Couverture L'incréé. La générosité du Père chez Maître Eckhart

L'incréé. La générosité du Père chez Maître Eckhart

Isabelle Raviolo
2011
432 pp.
ISBN
978-2-2040914-73

Très peu traitée par les commentateurs, la notion d'incréé (« increatus » / « ungeschaffen ») est cependant centrale pour comprendre Dieu et l'homme chez Eckhart. Elle met en lumière le cœur de son œuvre qui se situe dans la naissance de Dieu dans l'âme et non dans le détachement comme on l'a souvent dit.

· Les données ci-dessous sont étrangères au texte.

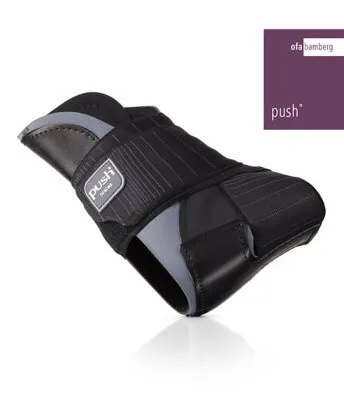 Produktbild von Push Aequi Knöchelorthese rechts Gr.2 schw./gr. 1 St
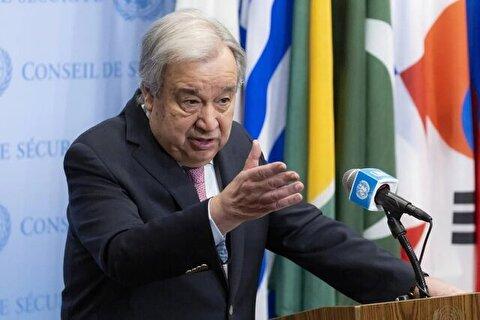 دبیرکل سازمان ملل: هنوز فرصت برای جلوگیری از فعال‌سازی مکانیزم ماشه وجود دارد / درخواست من از ایران این است که از دیپلماسی استفاده کند و شرایط اعتماد را ایجاد کند تا بتوان از این موضوع جلوگیری کرد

C'est une manière pour le maître rhénan de commenter Genèse 1,26 : « Lorsque Dieu créa toutes les créatures, Dieu n'aurait-il pas auparavant donné naissance à quelque chose d'incréé qui porterait en soi l'image de toutes les créatures ? » interroge Eckhart. Sa réponse tient en une métaphore : l'étincelle (« scintilla animae »). « Cette petite étincelle est si apparentée à Dieu qu'elle est un "un" unique indifférencié et qu'elle porte en soi l'image de toutes les créatures, image sans images et image au-dessus de toutes les images » (« Sermon 22 »). Par « l'étincelle », Eckhart entend ce que l'âme a de plus semblable à Dieu : un « quelque chose d'incré頻, un fond sans fond (« Abgrunt ») dans lequel le Père engendre son Fils comme dans sa propre nature. Par ce quelque chose d'incréé en elle, l'âme est capable de fécondité et devient mère du Verbe, à l'image du Père incréé qui engendre éternellement son Fils en son sein. La maternité de l'âme trouve son principe dans la paternité de Dieu, dans le bouillonnement originaire de la Vie divine. Eckhart développe ainsi une prédication originale : il parle du point de vue de l'éternité, c'est-à-dire à partir de la Trinité en elle-même. Par la fécondité de l'âme, c'est-à-dire par la grâce de l'Esprit incréé, non seulement l'homme devient fils dans le Fils et le même fils, mais encore père dans le Père et le même père.